Market-led initiatives could also be harnessed to tackle shadow bank climate risks. The Partnership for Carbon Accounting Financials (PCAF) offers one solution through its global carbon accounting standard. This lays out a framework for financial institutions to measure and disclose their financed emissions: those generated through their debt and equity investments in non-financial companies. Right now, this framework covers six asset classes, including business loans, and PCAF is working on more. One area it could turn its attention to are the emissions financed by traditional lenders through their lending and investing relationships with shadow banks. 
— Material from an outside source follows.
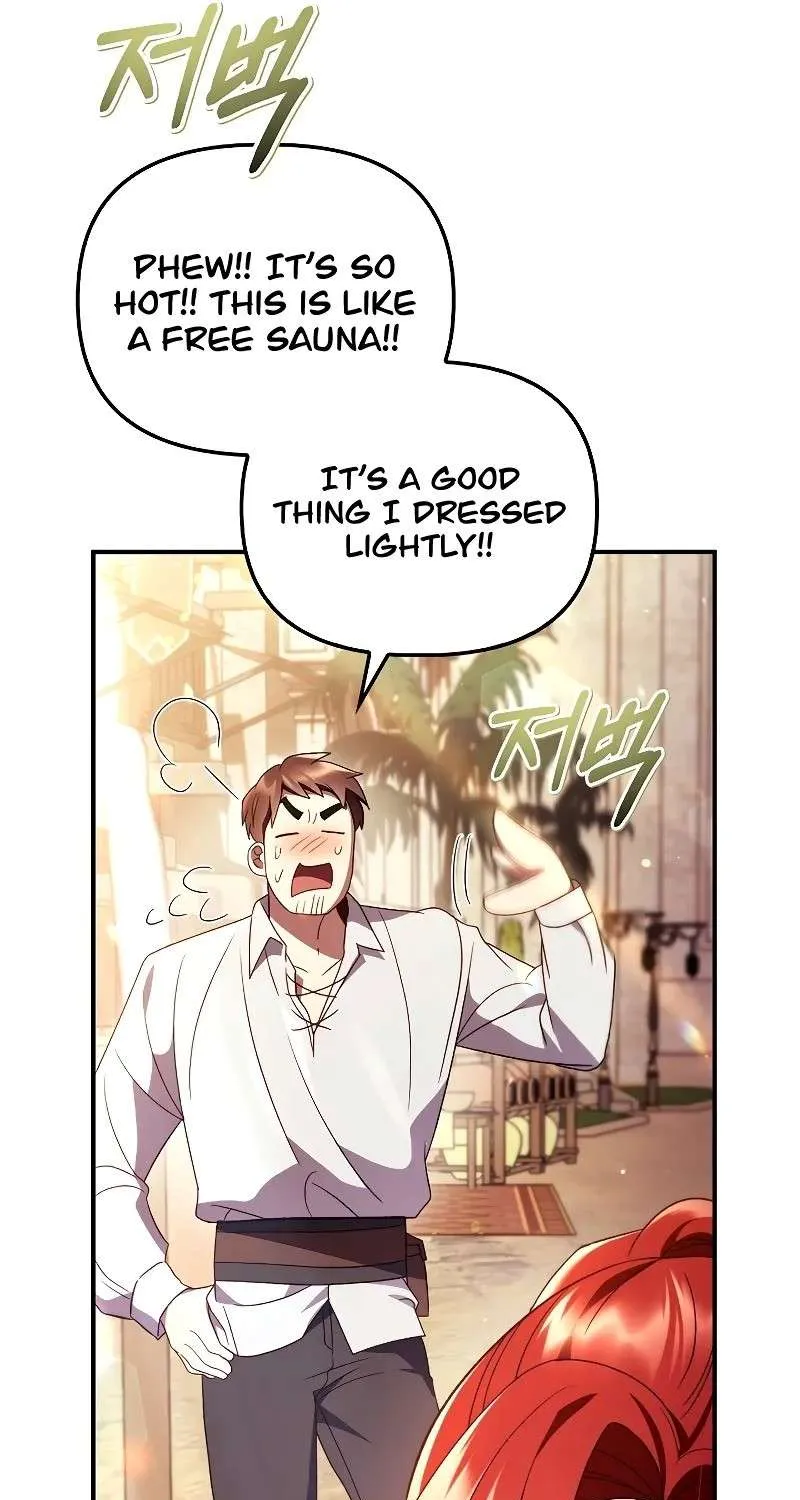 Read Regressor Instruction Manual chapter 118 image 105 on Lezhin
Clearly, traditional lenders would have to be able to ‘look through’ into their shadow bank counterparties’ portfolios to get data on their financed emissions first. Recalcitrant firms that are under no obligation to disclose such data may deny such requests, of course, but their lenders/investors could always put the screws on them, and demand such information as a condition for doing business. This isn’t a far-fetched outcome. Already, buy-side traders, like asset managers and pension funds, are starting to consider ESG factors in their choice of bank trading counterparties. Why shouldn’t lenders, then, consider emissions factors in their choice of shadow bank trading partners?  

Such entities need not hand over detailed portfolio positions, either. The PCAF standard can be used to estimate financed emissions using data of varying granularity. If the economic sectors invested in by a shadow bank are known, and their respective allocations in their portfolio understood, that’s enough to start with. 

And a start is what’s needed. Otherwise traditional lenders risk undercounting their own carbon risks, and in turn external stakeholders — including financial regulators — will get a warped view of the financial system’s overall vulnerability to climate change. For the sake of financial stability, what takes place in the shadows must be brought to light.